(Republika.co.id:Rabu, 13 Juli 2016)
Pertamina berhasil membukukan surplus produksi solar per Mei 2016. Dari total produksi kilang 60 ribu barel per hari, Pertamina mampu menghasilkan solar 50 ribu barel per hari. Dengan begitu, terjadi surplus produksi solar 10 ribu barel per hari.
Keberhasilan Pertamina mencapai swasembada solar dinilai tidak hanya mengurangi beban anggaran negara yang selama ini dikeluarkan untuk impor BBM tersebut, tetapi juga berpotensi memberikan tambahan devisa negara melalui ekspor solar. “Namun, surplus solar umumnya hanya temporer, masih ada potensi kebutuhan kita akan meningkat lagi,” ujar Direktur Eksekutif ReforMiner Institute, Komaidi Notonegoro, di Jakarta, Selasa (12/7).
Menurut Komaidi, pencapaian Pertamina yang berhasil membukukan surplus produksi solar harus dipuji. Selama ini, konsumen utama solar adalah sektor industri dan transportasi.
Dengan berkembangnya infrastruktur gas, baik untuk industri maupun transportasi, permintaan solar memang berpotensi turun. Namun, daerah-daerah yang belum terjangkau jaringan gas akan tetap menggunakan solar mengingat distribusi solar lebih fleksibel.
Komaidi mengatakan, campur tangan pemerintah tentu harus memberikan jaminan bahwa solar yang sudah diproduksi bisa diserap, baik pasar dalam negeri maupun diekspor. Bahkan, jika perlu, bisa dibeli pemerintah untuk menjadi cadangan bahan bakar minyak (BBM) nasional mengingat harga sedang murah.
“Pilihannya bisa dijadikan stok atau diekspor. Jika diekspor, hampir semua negara di Asia potensial. Cina, Korea Selatan, Jepang, dan India merupakan daftar negara yang dapat menjadi prioritas,” ungkap dia.
Pada saat yang sama, anggota Komisi VII DPR dari Fraksi Partai Hanura, Inas Nasrullah Zubair, meminta Pertamina harus mengoptimalkan penyaluran solar dalam negeri dengan melakukan ekspor. Pertamina bisa menginstruksikan PT Patra Niaga, anak usaha perseroan, untuk memasarkan produksi solar yang surplus.
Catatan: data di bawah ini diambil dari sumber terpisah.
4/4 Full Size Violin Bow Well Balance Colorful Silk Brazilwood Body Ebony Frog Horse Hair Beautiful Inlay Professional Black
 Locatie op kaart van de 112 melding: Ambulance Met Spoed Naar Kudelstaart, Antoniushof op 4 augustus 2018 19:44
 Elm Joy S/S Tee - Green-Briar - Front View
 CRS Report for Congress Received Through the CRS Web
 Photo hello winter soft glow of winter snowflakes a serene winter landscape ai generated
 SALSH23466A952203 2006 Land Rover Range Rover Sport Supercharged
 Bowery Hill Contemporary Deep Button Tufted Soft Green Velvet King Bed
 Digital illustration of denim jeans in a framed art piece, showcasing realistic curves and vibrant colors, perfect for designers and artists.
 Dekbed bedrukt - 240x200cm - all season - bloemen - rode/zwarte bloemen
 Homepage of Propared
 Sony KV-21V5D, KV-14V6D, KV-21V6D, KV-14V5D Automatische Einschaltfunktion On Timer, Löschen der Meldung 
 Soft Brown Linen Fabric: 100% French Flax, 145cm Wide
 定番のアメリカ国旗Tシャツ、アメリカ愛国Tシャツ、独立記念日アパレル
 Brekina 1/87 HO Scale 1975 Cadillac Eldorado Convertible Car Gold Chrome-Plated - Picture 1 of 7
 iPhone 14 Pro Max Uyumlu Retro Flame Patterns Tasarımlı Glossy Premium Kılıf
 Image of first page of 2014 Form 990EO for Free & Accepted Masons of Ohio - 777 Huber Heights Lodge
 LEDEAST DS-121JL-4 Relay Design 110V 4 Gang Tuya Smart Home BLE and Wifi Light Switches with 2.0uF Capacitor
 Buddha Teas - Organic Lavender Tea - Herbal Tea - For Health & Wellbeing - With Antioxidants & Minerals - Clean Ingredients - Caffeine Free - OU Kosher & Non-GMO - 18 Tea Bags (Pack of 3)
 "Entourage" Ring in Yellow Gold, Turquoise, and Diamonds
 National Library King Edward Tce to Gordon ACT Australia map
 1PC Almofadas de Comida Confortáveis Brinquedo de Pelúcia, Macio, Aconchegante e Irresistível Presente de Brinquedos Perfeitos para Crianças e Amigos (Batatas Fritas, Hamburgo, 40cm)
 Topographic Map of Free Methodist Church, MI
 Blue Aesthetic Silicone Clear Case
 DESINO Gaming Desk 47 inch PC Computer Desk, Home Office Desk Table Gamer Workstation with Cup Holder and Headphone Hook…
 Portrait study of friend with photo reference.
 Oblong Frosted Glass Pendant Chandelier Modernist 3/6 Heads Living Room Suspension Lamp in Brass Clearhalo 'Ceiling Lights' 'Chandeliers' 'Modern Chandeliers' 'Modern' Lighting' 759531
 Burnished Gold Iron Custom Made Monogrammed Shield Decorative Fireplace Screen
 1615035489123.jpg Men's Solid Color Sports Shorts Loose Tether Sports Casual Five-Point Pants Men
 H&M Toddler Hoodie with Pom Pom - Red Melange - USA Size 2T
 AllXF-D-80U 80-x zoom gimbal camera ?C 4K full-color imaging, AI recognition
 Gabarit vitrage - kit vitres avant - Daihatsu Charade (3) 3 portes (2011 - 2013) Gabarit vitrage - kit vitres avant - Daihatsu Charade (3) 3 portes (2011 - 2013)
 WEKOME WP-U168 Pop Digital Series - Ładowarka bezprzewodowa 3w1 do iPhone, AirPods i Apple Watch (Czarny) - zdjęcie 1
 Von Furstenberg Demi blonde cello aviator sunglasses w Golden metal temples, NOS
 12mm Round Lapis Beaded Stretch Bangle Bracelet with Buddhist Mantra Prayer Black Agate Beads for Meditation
“Pemerintah juga harus mendukung dengan menerbitkan regulasi pembatasan impor swasta dan mewajibkan untuk menyerap produk kilang Pertamina,” katanya menegaskan.
PT Pertamina (Persero) mencatat swasembada solar menyusul pengoperasian Residual Fluid Catalytic Cracker (RFCC) Cilacap di Jawa Tengah dan Kilang Trans Pacific Petroleum Indotama (TPPI) di Tuban, Jawa Timur, pada Mei lalu.
Seiring pengoperasian RFCC Cilacap dan Kilang TPPI, Pertamina sudah tidak mengimpor solar. Bahkan, pada 2023, akan terjadi swasembada semua jenis BBM karena produksi kilang mencapai dua juta barel per hari.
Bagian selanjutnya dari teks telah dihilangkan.